My Parents Didn't Raise Me,
My Grandparents Did
Why are Chinese turning to Process Philosophy?
Because the human and ecological
costs of modernization
are too high.
The 85 minute documentary Last Train Home, offered below, will show you the costs of modernization to one migrant family. Watch the trailer; you'll probably want to see more. It's in six segments. An article by John B. Cobb, Jr. in JJB -- Ten Ideas for Saving the Planet (GO) -- is a companion to the film. It will show you why the Whiteheadian alternative is increasingly attractive to Chinese intellectuals, policy makers, and educators.
In China Whitehead's philosophy is sometimes called constructive postmodernism.
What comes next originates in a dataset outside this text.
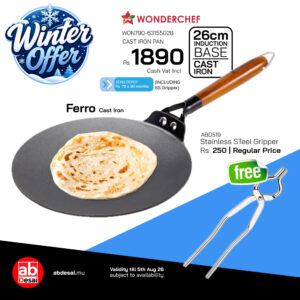 WONDERCHEF Ferro Light-weight Cast-iron Roti Tawa | 26cm | Pre-seasoned with 100% Vegetable Oil | 40% Lighter than Regular Cast-iron Cookware | Cool-touch Real Acacia Wood Handles | 10-Year Warranty WON790-63155028 + FREE ABD519 S-Steel Gripper worth Rs 250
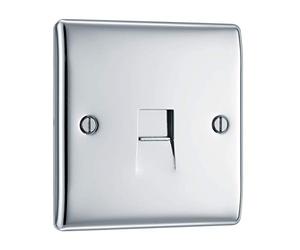 British General BG Electrical Single Secondary Slave Telephone Socket, Raised Profile, Round Edges, Nexus Metal, Polished Chrome, NPCBTS1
If modern means urban and industrial then postmodern does not mean anti-modern but rather beyond-the-modern. It seeks to develop a way of living in which rural and urban life are jointly appreciated and in which, in both instances, family life and community life is valued more than economic growth. Postmodernism is interested in economics for community, not economics for growth alone.
There are than twenty centers in China which, with varying degrees of success, are exploring alternatives for rural development, urban design, and agriculture of the kind recommended by John Cobb in Ten Ideas for Saving the Planet. There is also an international institute, directed by Dr. Zhihe Wang, which is helping foster exactly the kind of changes Dr. Cobb recomends. It is called the Institute for the Postmodern Development of China. You can learn about some of its work on its website: GO. But first watch as much of the documentary as you can.
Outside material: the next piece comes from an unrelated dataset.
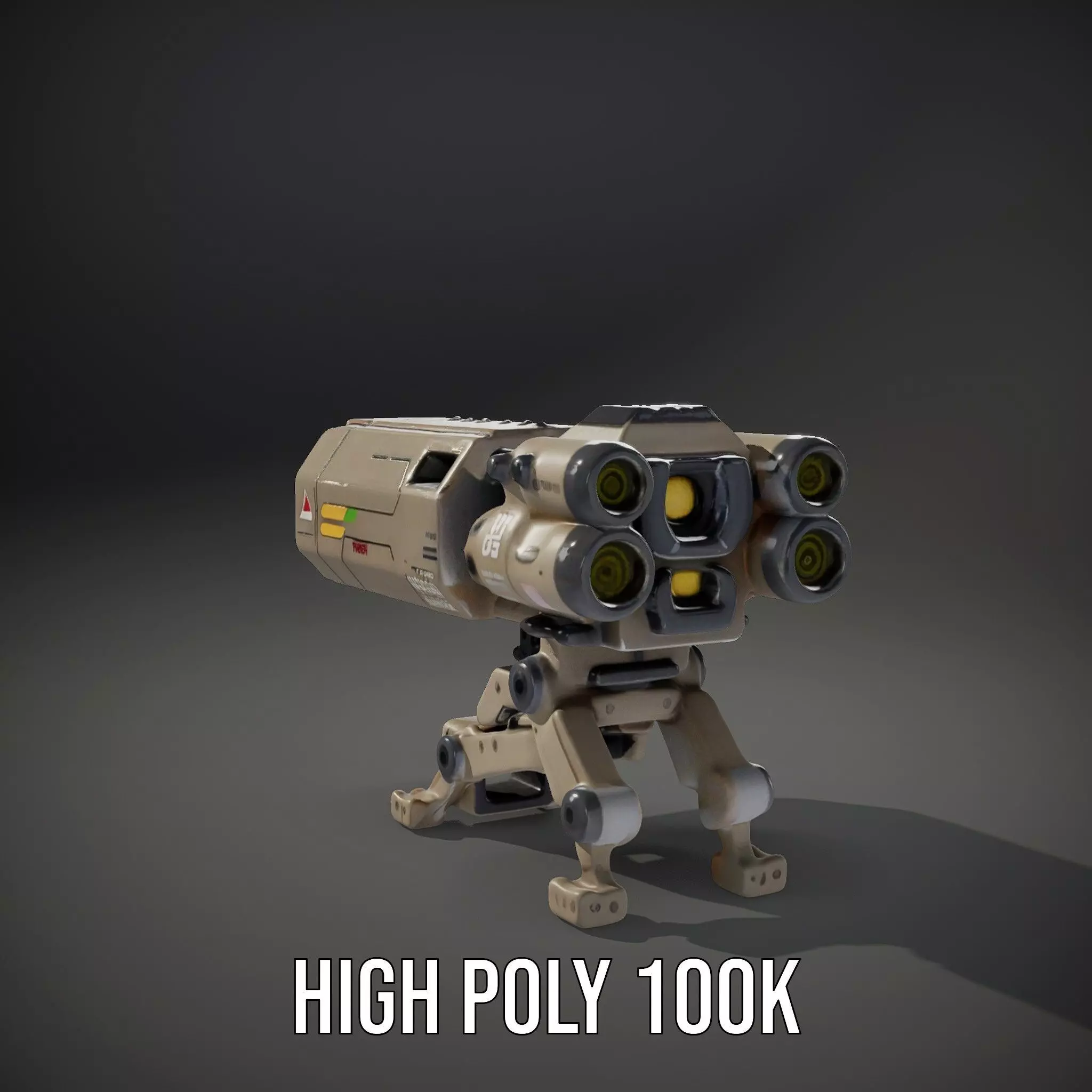 Futuristic Artillery Cannon Model Pack Low-poly 3D model_9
The documentary shows how one family is torn apart by "modern" industrialization and the false hopes it brings to people. It is a hope for prosperity at the expense of community. Chinese process thinkers believe that Whitehead's philosophy offers a better hope. If postmodernism means reclaiming the values of local communities, and also realizing that the world can be a community of communities in which local communities are given chances to survive, and in which parents, too, get to raise their children --- then the whole world needs more postmodernism.
(Note: We are glad to offer you the documentary in segmented portions below, and we encourage you to purchase the documentary as a seamless whole as soon as it is available: Contact Zeitgeist Films (GO) We do not own the copyright to this documentary; we sharing it from reputable video-sharing site.)
Last Train Home: Part I
Last Train Home: Part II
Last Train Home: Part III
Last Train Home: Part IV
Last Train Home: Part V
Last Train Home: Part VI
From the Producers of the Film:
"Every spring, China’s cities are plunged into chaos as 130 million migrant workers journey to their home villages for the New Year’s holiday. This mass exodus is the world’s largest human migration—an epic spectacle that reveals a country tragically caught between its rural past and industrial future.
Working over several years in classic verité style Chinese-Canadian filmmaker Lixin Fan (with the producers of the award-winning hit documentary Up the Yangtze) travels with one couple who have embarked on this annual trek for almost two decades.
Like so many of China’s rural poor, Changhua and Sugin Zhang left behind their two infant children for grueling factory jobs. Their daughter Qin—now a restless and rebellious teenager—both bitterly resents their absence and longs for her own freedom away from school, much to the utter devastation of her parents.
Emotionally engaging and starkly beautiful, Last Train Home’s intimate observation of one fractured family sheds light on the human cost of China’s ascendance as an economic superpower."
How Can Process Philosophy Help?
1. It offers a way of understanding reality that highights the primacy of community over economic growth.
2. It is not a "religion" but can be appropriated by people from many different religious points of view, including Christian and Buddhist points of view. This is important because Christianity is growing rapidly in China today.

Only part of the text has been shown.